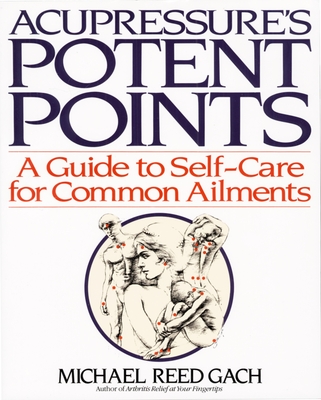 Acupressure's Potent Points: A Guide to Self-Care for Common Ailments By Michael Reed Gach, PhD Cover Image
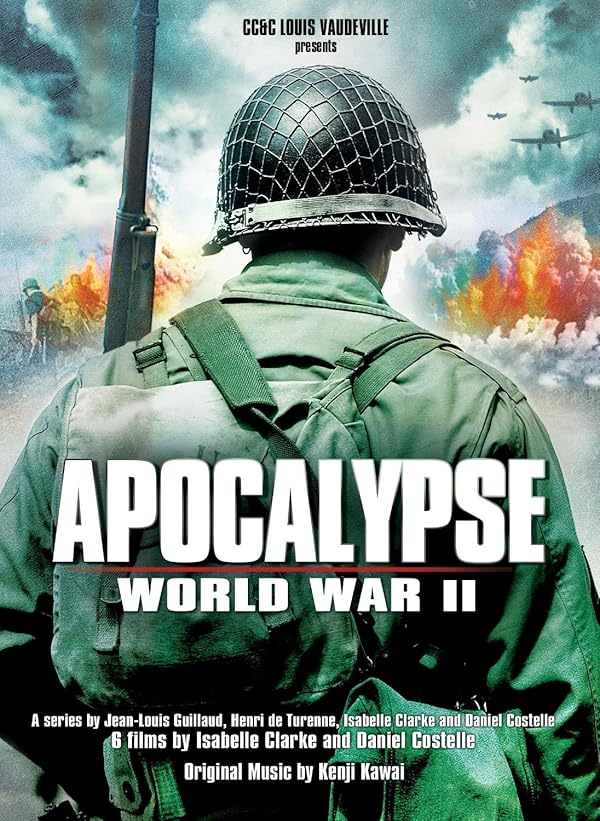 Apocalypse - La 2ème guerre mondiale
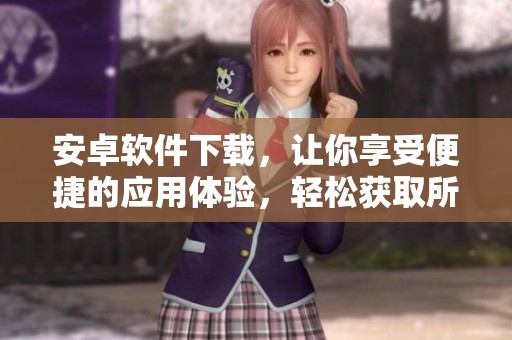 安卓软件下载，让你享受便捷的应用体验，轻松获取所需应用程序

TASK ITEM: Every line of the material must be reproduced verbatim; the pictures are to be omitted.

SOLUTION BELOW:
 Acupressure's Potent Points: A Guide to Self-Care for Common Ailments By Michael Reed Gach, PhD Cover Image
 Apocalypse - La 2ème guerre mondiale
 安卓软件下载，让你享受便捷的应用体验，轻松获取所需应用程序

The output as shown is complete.